I’ve been reading a lot of books on SSIS (SQL Server Integration Services) and BI (Business Intelligence) over the course of the year. I want to pass along a little tidbit I haven’t seen in any of them. I’ll preface this by stating our staging tables and data warehouse are all in SQL Server 2005.
Our process is probably similar to others, we pull the data in, and if the warehouse needs to be updated we place the data into a staging table. At the end of the process we do a mass update (via a SQL statement) from the staging table to the main data warehouse tables we use for reporting. Then we delete the records in the staging table. Which seemed like a reasonable thing to do, but wound up getting us in a lot of trouble. Over the course of the last few months our run times for the SSIS job have gotten slower and slower and sloooooooooooooower. Our job was taking as long as 50 minutes to complete sometimes. One of our developers noticed the database seemed to be taking up a lot of space. He found a simple select count(*) was taking eight minutes on what was supposed to be an empty staging table.
Some research on the web explained what we were doing wrong. In one of my favorite SQL Server blogs, I want some Moore, blogger Mladen Prajdic has a great article on the differences between delete and truncate.
The solution then was to not perform a delete, but a truncate on our staging tables. We went ahead and manually issued a truncate on our staging tables, and saw an immediate beneift. Our average run time went from 50 minutes to 8 minutes!

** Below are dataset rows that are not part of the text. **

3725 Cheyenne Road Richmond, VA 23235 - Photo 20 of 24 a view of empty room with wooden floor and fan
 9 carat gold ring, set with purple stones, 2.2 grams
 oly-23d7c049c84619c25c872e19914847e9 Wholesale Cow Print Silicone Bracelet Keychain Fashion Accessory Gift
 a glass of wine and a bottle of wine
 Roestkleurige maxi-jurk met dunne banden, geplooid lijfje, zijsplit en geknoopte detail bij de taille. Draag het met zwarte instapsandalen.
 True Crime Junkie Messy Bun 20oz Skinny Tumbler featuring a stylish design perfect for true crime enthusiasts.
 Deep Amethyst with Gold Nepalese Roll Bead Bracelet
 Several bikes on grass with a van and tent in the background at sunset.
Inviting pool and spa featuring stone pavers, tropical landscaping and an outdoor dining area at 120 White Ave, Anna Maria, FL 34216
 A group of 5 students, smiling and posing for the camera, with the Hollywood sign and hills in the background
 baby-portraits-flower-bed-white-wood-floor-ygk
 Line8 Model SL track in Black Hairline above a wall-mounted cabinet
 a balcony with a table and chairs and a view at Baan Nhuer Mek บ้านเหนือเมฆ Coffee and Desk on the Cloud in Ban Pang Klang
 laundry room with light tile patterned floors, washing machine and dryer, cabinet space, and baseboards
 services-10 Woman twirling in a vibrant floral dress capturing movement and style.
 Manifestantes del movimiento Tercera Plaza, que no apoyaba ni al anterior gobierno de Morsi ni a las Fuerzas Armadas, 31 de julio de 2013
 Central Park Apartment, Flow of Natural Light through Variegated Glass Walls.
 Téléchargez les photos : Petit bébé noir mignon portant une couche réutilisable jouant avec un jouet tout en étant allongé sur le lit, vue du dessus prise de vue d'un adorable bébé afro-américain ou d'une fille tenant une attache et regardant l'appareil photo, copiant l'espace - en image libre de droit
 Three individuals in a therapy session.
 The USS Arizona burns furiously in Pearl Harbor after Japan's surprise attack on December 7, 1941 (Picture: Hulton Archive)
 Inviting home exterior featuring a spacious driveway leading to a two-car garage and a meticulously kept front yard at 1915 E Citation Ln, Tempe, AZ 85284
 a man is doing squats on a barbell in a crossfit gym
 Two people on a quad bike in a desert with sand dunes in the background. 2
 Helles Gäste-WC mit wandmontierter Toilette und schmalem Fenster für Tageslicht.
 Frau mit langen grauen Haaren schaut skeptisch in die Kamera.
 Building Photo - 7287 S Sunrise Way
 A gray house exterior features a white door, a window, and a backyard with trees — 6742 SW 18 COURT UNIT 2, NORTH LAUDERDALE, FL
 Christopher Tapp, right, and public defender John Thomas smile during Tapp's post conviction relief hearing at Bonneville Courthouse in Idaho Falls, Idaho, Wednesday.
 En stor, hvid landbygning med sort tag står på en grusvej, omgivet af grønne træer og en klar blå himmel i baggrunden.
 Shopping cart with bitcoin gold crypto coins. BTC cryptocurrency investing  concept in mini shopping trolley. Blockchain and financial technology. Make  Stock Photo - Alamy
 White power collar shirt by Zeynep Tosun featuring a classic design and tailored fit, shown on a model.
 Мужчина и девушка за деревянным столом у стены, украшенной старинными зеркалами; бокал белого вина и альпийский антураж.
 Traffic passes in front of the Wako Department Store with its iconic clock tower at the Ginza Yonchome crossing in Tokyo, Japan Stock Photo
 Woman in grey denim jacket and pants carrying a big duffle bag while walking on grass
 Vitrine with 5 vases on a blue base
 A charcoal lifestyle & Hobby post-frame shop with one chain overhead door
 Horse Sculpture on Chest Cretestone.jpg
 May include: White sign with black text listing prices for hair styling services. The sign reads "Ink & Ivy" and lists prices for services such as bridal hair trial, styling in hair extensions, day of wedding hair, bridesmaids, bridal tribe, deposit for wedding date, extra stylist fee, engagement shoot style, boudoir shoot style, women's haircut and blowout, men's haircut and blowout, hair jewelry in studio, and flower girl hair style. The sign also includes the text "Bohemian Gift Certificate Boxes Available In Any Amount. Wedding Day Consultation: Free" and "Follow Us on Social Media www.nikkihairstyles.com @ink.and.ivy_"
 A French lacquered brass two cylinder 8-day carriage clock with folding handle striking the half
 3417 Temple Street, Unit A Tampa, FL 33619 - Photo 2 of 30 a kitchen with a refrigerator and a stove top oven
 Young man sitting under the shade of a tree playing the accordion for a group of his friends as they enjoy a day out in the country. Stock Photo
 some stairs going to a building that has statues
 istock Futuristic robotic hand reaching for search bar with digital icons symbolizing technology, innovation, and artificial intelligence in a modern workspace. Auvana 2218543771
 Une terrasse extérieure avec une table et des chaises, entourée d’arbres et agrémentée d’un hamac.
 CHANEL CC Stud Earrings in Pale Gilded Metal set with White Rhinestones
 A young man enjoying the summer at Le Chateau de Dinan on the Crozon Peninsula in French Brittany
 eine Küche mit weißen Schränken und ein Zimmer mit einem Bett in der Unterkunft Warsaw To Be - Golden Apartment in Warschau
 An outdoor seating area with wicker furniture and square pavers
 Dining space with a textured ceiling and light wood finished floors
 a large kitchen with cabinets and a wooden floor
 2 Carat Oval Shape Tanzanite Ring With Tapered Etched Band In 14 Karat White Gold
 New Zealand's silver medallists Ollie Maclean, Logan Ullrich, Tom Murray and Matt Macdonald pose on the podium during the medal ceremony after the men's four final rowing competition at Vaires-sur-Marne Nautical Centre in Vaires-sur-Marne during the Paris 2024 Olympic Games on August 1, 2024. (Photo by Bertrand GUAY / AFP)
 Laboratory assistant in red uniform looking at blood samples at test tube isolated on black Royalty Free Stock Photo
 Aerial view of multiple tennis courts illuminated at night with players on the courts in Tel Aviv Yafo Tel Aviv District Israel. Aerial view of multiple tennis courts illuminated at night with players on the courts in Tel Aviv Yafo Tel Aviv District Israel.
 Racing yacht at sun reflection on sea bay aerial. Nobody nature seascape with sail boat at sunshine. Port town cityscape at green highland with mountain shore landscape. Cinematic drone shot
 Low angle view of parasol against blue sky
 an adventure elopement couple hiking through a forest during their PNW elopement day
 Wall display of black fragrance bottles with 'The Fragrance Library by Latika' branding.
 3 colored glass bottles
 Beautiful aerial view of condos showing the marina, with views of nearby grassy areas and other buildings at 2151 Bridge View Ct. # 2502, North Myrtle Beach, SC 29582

I’m not sure why I haven’t seen this mentioned before, perhaps I just haven’t read the right blog or book yet. But I wanted to pass this along so you could be spared some of the headaches we went through. If your SSIS uses SQL Server 2005 tables, use a truncate and not a delete to avoid speed issues. Alternatively, at least make sure to run truncates on a regular basis to keep those staging areas cleaned out!